Tagged as: Sex, Three is a crowd, Troubled relationships<< Previous question   Next question >>
Question - (17 December 2015) 16 Answers - (Newest, 19 December 2015)
A female Germany age 30-35, anonymous writes:

Hi I'm a 22 and so is my boyfriend.

One year ago, at the beginning of our relationship I felt loved, wanted and I trusted him. I loved giving bjs, he loved receiving them and we had sex several times a day. Now it's a bit different.
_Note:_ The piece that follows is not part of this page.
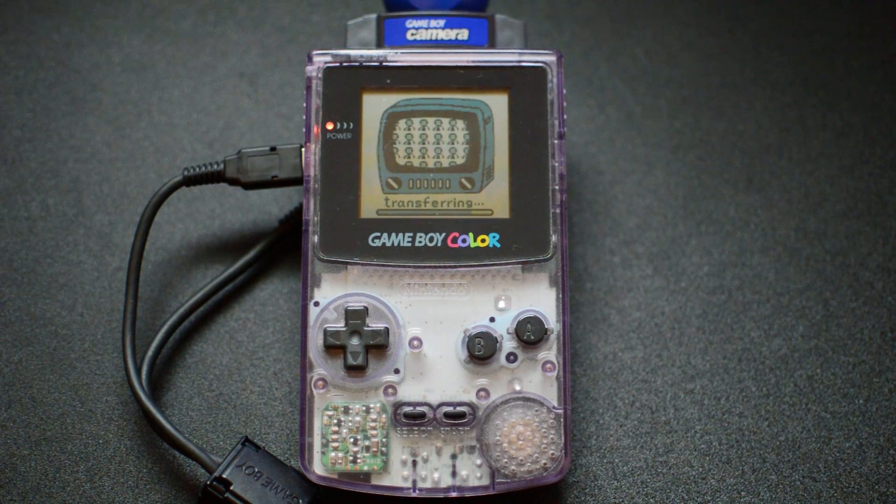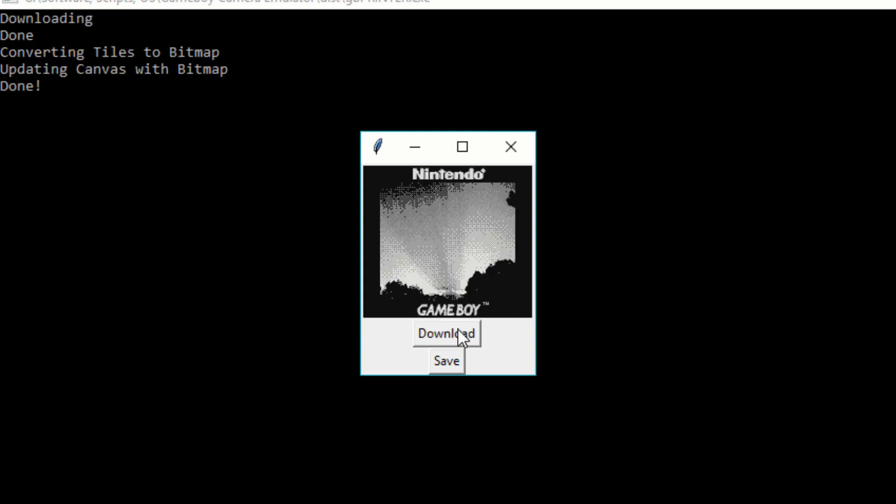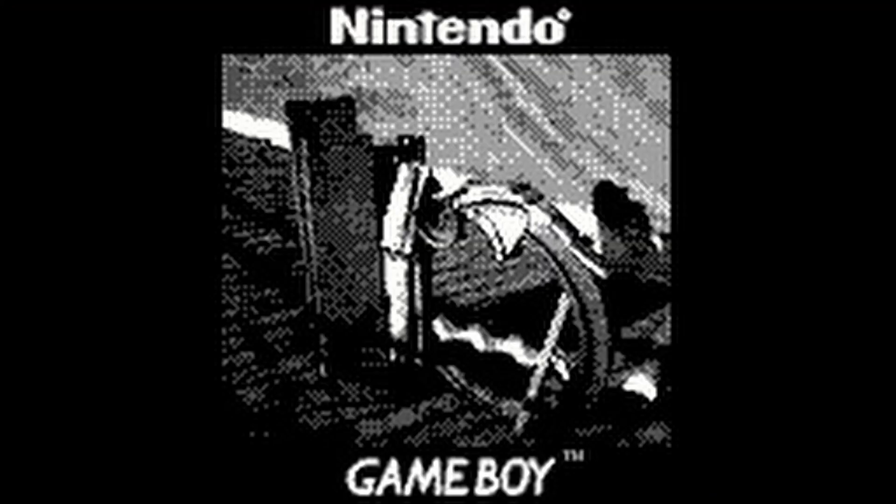Wait until the transfer completes. Then, back on your computer, click the download button on the software that was provided with the adapter. Save them anywhere you like and enjoy.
Heads don't do much to him anymore. In the past he could get hard with a simple kiss. Now it's difficult for me to get him hard so, usually we start with him already hard. I generally manage to get him more hard but after a while he starts losing his erection, so he tries to masturbate without porn (while I'm licking him etc) but he gives up after a while and moves to his pc to finish.

I'm not really comfortable with him watching porn every time I suck him or after every blowjob attempt or when we have sex because, in my opinion, it kills intimacy (I watch porn once in a while, but only when I'm alone). The few times we had sex on porn, he complimented me. That actually made things even worse because I know I don't deserve those compliments.

We did try to spice things up, but we can't keep sex super exciting all the time. And after all we're only 22, I didn't think he would get bored so fast.

At first he said he can't come because he's not turned on (I needed to act more slutty, moan, be super enthusiastic etc...). Recently he told me that it might be because he masturbates with a tight grip.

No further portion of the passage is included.